Exercise requirements:
Reproduce every entry below exactly, minus the pictures.

Provided data:
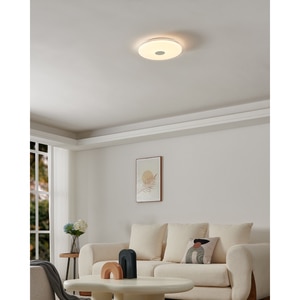Plafoniera LED EGLO 75534, 18.8W, 2500lm, lumina calda, IP20, alb, crom Plafoniera LED EGLO 75534, 18.8W, 2500lm, lumina calda, IP20, alb, crom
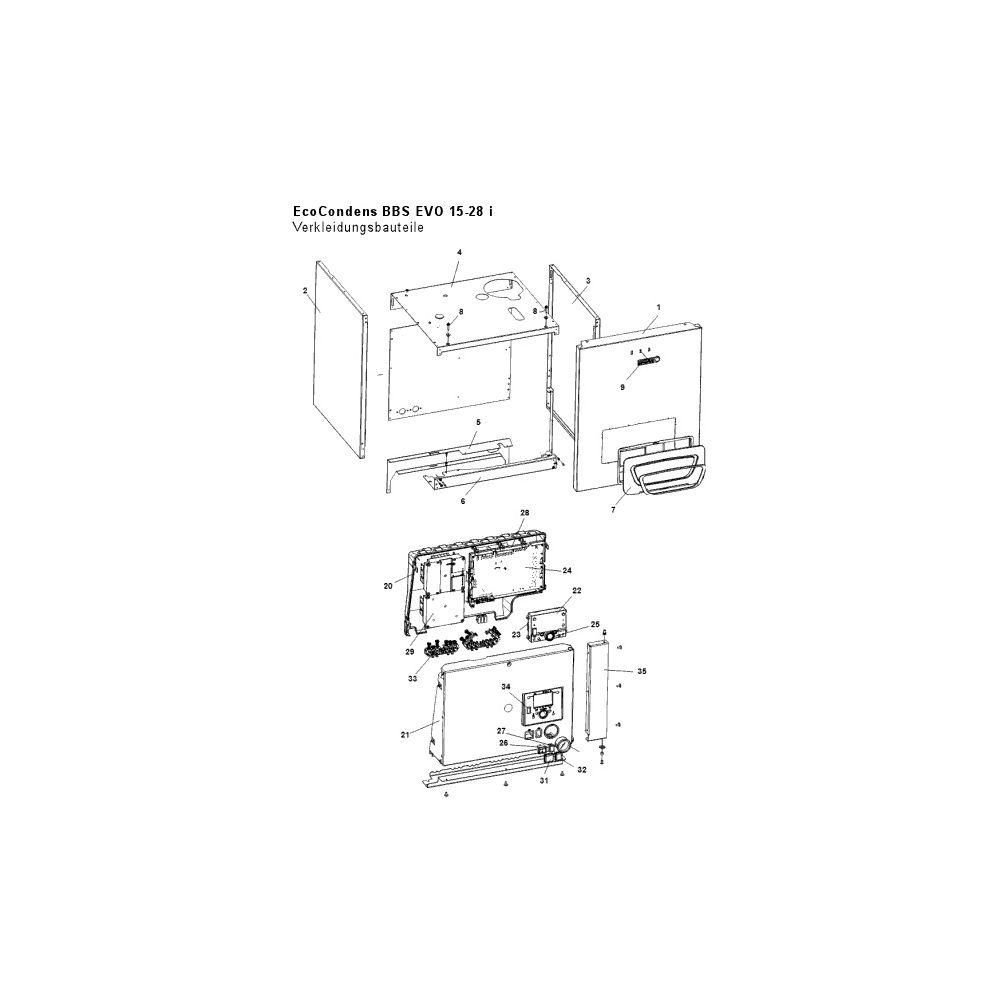 Brötje Gas-Brennwertkessel BBS EVO 28 I, 2,9-28,0kW mit integrierter Trinkwassererwärm... BROETJE-7697659 4017042187152 (Abb. 2)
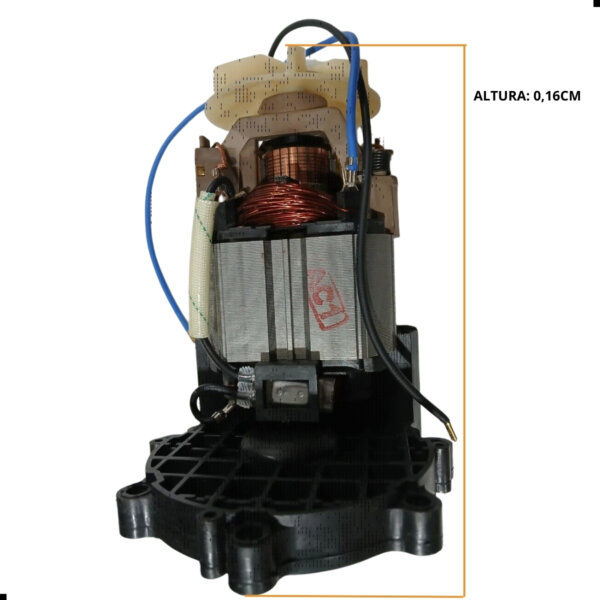 MOTOR 220V HIDROLAVADORA 70BAR LINHA DESERTOS POTENCIA 1,400W - Imagem 2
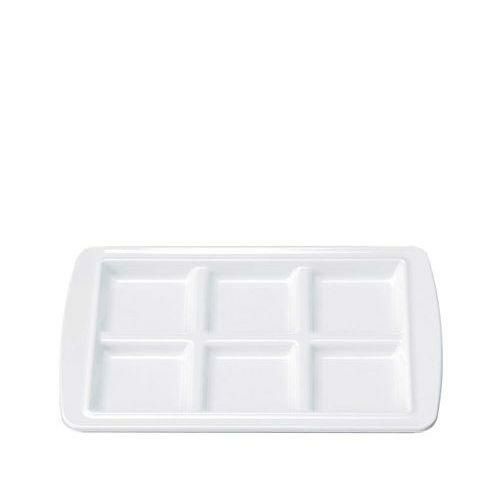 バイキングプレート 6ブロック 白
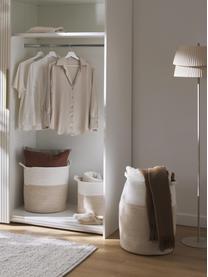 Paniers de rangement Kiya, lot de 2, 35 % coton, 65 % polyester, Blanc, beige, Lot de différentes tailles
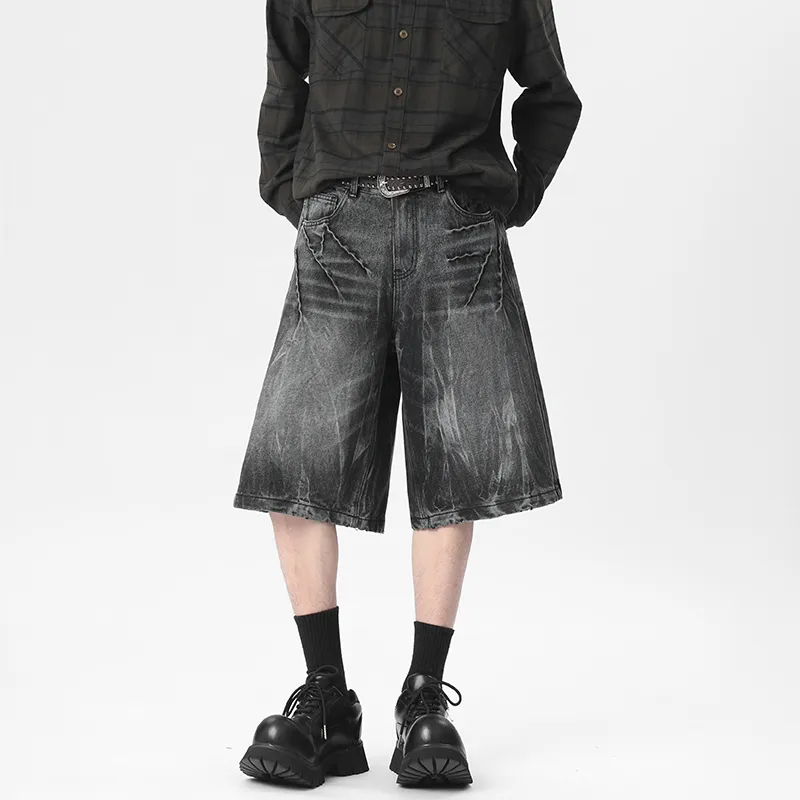 K411 Denim Shorts Unisex-1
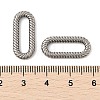 304 Stainless Steel Linking Rings LS-STAS-K254-06G-P-3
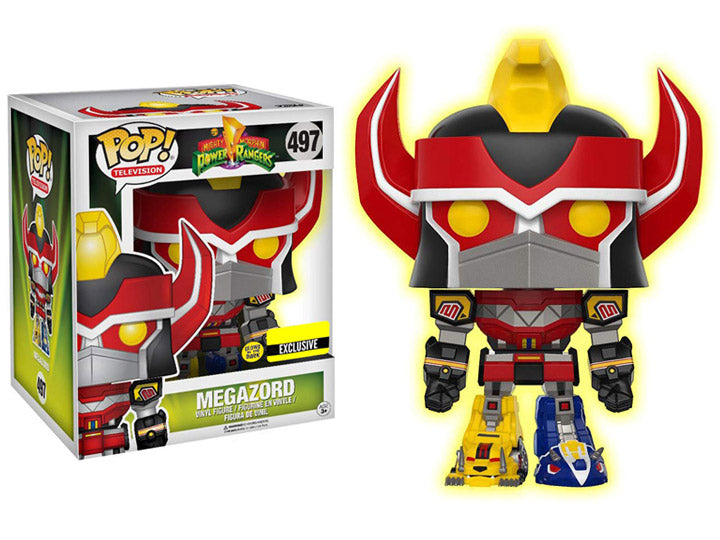 Pop! TV: Power Rangers 6" Super Sized Megazord (Glow in The Dark) Exclusive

Output for this task:
Plafoniera LED EGLO 75534, 18.8W, 2500lm, lumina calda, IP20, alb, crom Plafoniera LED EGLO 75534, 18.8W, 2500lm, lumina calda, IP20, alb, crom
 Brötje Gas-Brennwertkessel BBS EVO 28 I, 2,9-28,0kW mit integrierter Trinkwassererwärm... BROETJE-7697659 4017042187152 (Abb. 2)
 MOTOR 220V HIDROLAVADORA 70BAR LINHA DESERTOS POTENCIA 1,400W - Imagem 2
 バイキングプレート 6ブロック 白
 Paniers de rangement Kiya, lot de 2, 35 % coton, 65 % polyester, Blanc, beige, Lot de différentes tailles
 K411 Denim Shorts Unisex-1
 304 Stainless Steel Linking Rings LS-STAS-K254-06G-P-3
 Pop! TV: Power Rangers 6" Super Sized Megazord (Glow in The Dark) Exclusive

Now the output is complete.